Behçet's disease

Behçet's disease
Behçet's disease
Other names	Behçet disease; Behçet's syndrome; Morbus Behçet; Silk Road disease;
	A person with Behçet's disease exhibiting hypopyon, which can be seen in anterior uveitis
Pronunciation	/bɛˈtʃɛt/, Turkish: [behˈtʃet] ;
Specialty	Rheumatology, Immunology
Symptoms	Mouth sores, genital sores, inflammation of the eye, arthritis, chronic fatigue
Complications	Blindness, joint inflammation, blood clots, aneurysm
Usual onset	20s to 40s
Duration	Long term
Causes	Unknown
Diagnostic method	Based on symptoms
Differential diagnosis	Reactive arthritis, Stevens–Johnson syndrome, Sweet syndrome
Medication	Immunosuppressive medication such as corticosteroids
Prognosis	Often improves with time
Frequency	Rare (US, EU), more common (Middle East, Asia)

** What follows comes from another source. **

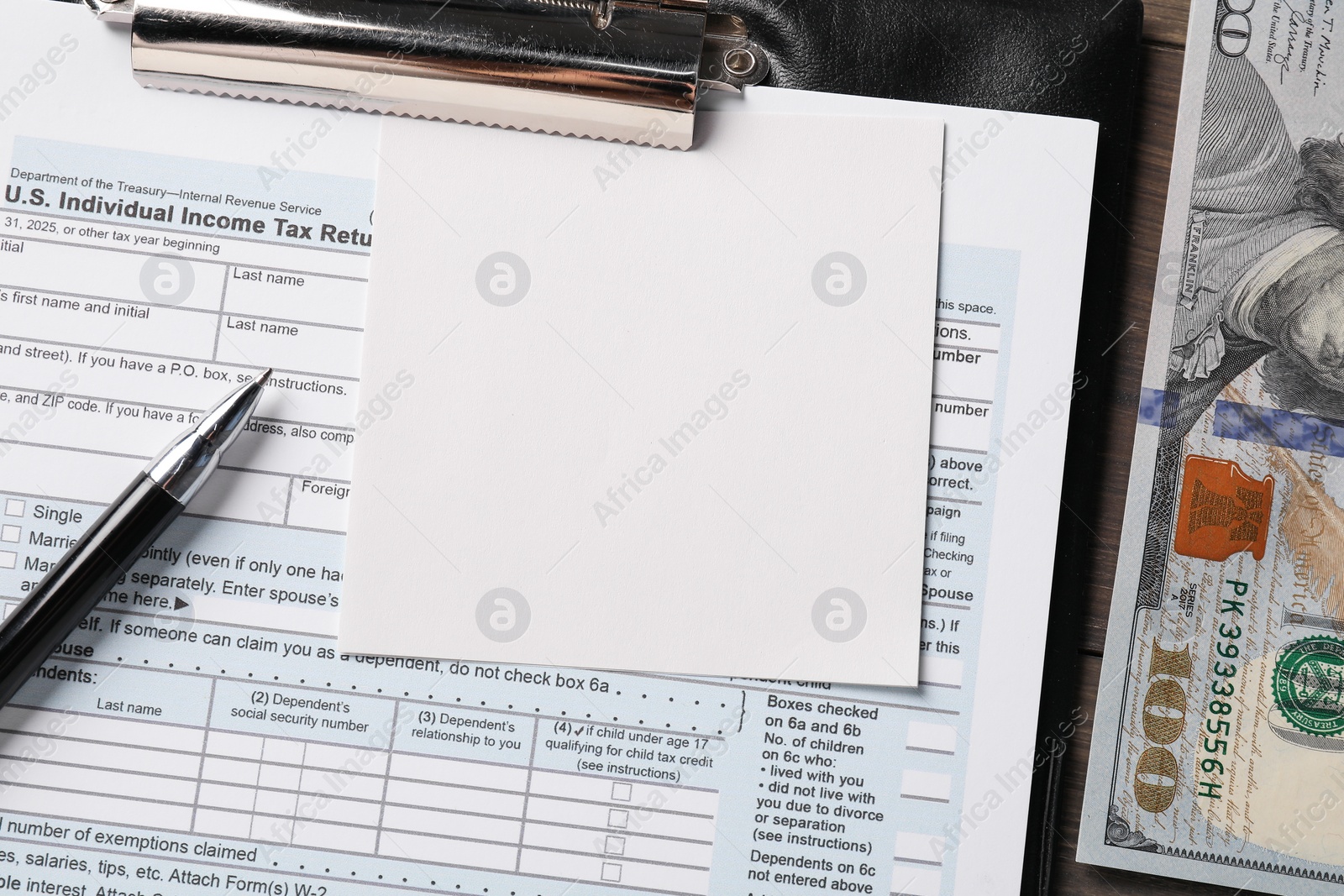 Photo of Tax return form, paper note, dollar banknotes and pen on table, top view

Behçet's disease (BD) is a type of inflammatory disorder which affects multiple parts of the body.^[2] The most common symptoms include painful sores on the mucous membranes of the mouth and other parts of the body, inflammation of parts of the eye, and arthritis.^[1]^[2] The sores can last from a few days, up to a week or more.^[2] Less commonly there may be inflammation of the brain or spinal cord, blood clots, aneurysms, or blindness.^[1]^[2] Often, the symptoms come and go.^[1]

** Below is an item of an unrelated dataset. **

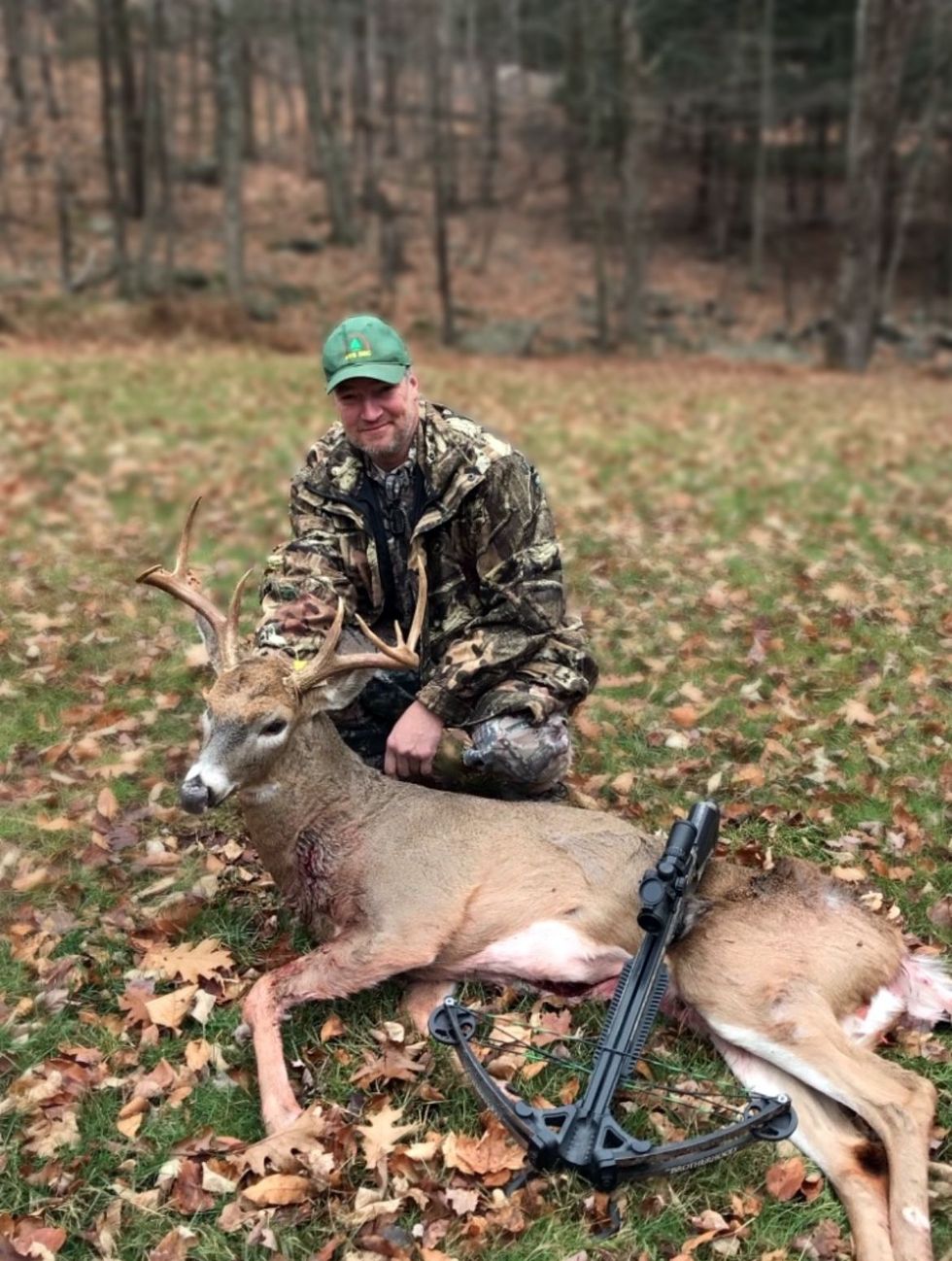 Expert hunting guide Thomas Sanford with a buck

The cause is unknown.^[1] It is believed to be partly genetic.^[2] Behçet's is not contagious.^[1] Diagnosis is based on at least three episodes of mouth sores in a year, together with at least two of the following: genital sores, eye inflammation, skin sores, a positive skin prick test.^[1]

There is no cure.^[1] Treatments may include immunosuppressive medication such as corticosteroids and anti-TNFs as well as lifestyle changes.^[1] Lidocaine mouthwash may help with the pain.^[2] Colchicine may decrease the frequency of attacks.^[2]

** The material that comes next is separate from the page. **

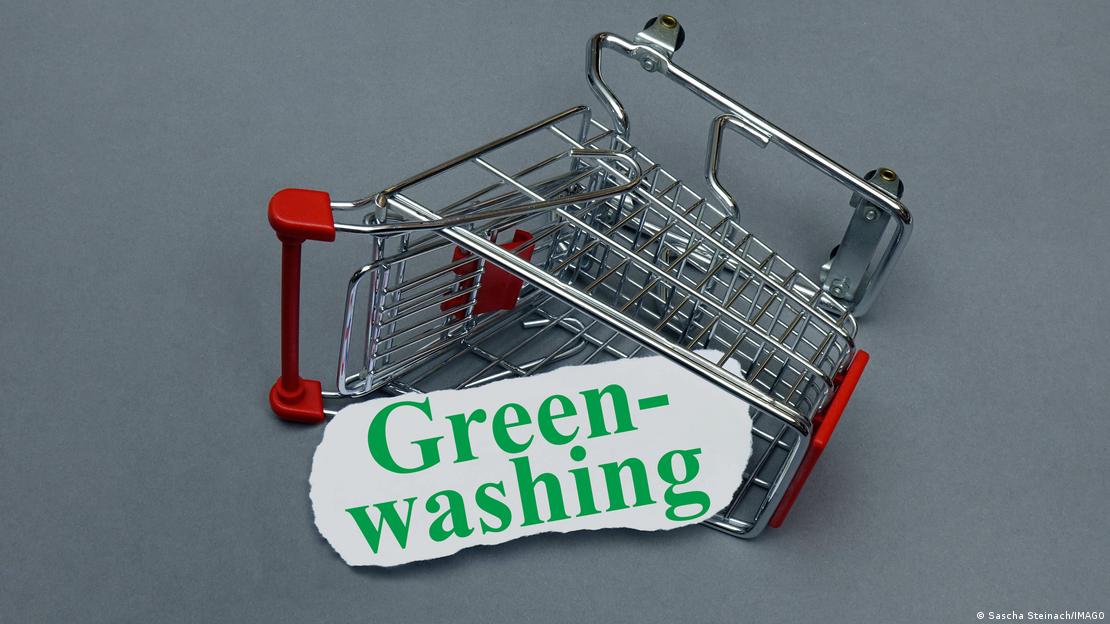 Πεσμένο καρότσι σούπερ-μάρκετ με ένα μεγάλο χαρτόνι που γράφει "Greenwashing"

While rare in the United States and Europe, it is more common in the Middle East and Asia.^[2] In Turkey, for example, about 2 per 1,000 are affected.^[2] Onset is usually in a person's twenties or forties.^[1]^[2] The disease was initially described by Turkish dermatologist Hulusi Behçet in 1937.^[3]

^ ^a ^b ^c ^d ^e ^f ^g ^h ⁱ ^j ^k ^l ^m ⁿ ^o Fleming, Ray (November 2014). "Fast Facts About Behçet's Disease". www.niams.nih.gov. Archived from the original on 13 May 2017. Retrieved 29 May 2017.
^ ^a ^b ^c ^d ^e ^f ^g ^h ⁱ ^j ^k ^l ^m ⁿ ^o "Behçet's Syndrome". NORD (National Organization for Rare Disorders). 2015. Archived from the original on 11 February 2017. Retrieved 29 May 2017.
^ Ball, Gene V.; Fessler, Barri J.; Bridges, S. Louis Jr. (2014). Oxford Textbook of Vasculitis (3 ed.). OUP Oxford. p. 491. ISBN 9780191667022. Archived from the original on 10 September 2017.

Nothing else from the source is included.